I am a long-term multiple (mild) Traumatic Brain Injury (mTBI or TBI) survivor who experienced assaults, falls, car accidents, sports-related injuries in the 1960s, '70s, '80s, and '90s. My last mild TBI was in 2004, but it was definitely the worst of the lot. I never received medical treatment for my injuries, some of which were sports injuries (and you have to get back in the game!), but I have been living very successfully with cognitive/behavioral (social, emotional, functional) symptoms and complications since I was a young kid. I’ve done it so well, in fact, that virtually nobody knows that I sustained those injuries… and the folks who do know, haven’t fully realized just how it’s impacted my life. It has impacted my life, however. In serious and debilitating ways. I’m coming out from behind the shields I’ve put up, in hopes of successfully addressing my own (invisible) challenges and helping others to see that sustaining a TBI is not the end of the world, and they can, in fact, live happy, fulfilled, productive lives in spite of it all.

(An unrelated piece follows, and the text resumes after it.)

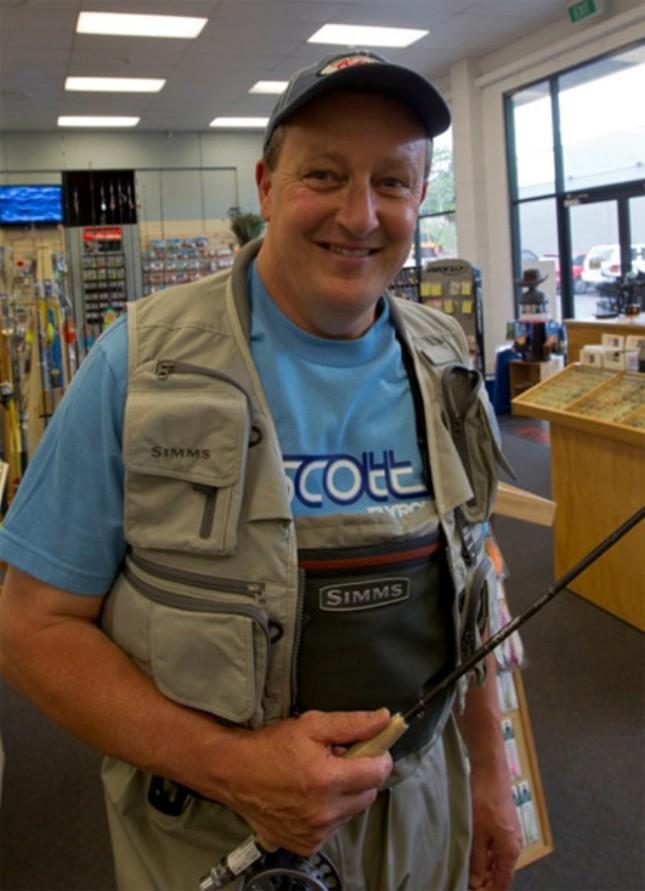 Doug Snell wins at Rod and Reel – Manic Tackle Project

17 thoughts on “Beyond the stigmas of brain injury”

  1. broken brilliant, when i read this, blog i get raw authentic feeling. To a tbi(s) survivor that is our only way back to a life that matters. I’ve accepted this existence and reading your blogs takes some frustration away and allows me to accept life on life’s terms more easily and even live a little w/out the preoccupation of the condition!thank you!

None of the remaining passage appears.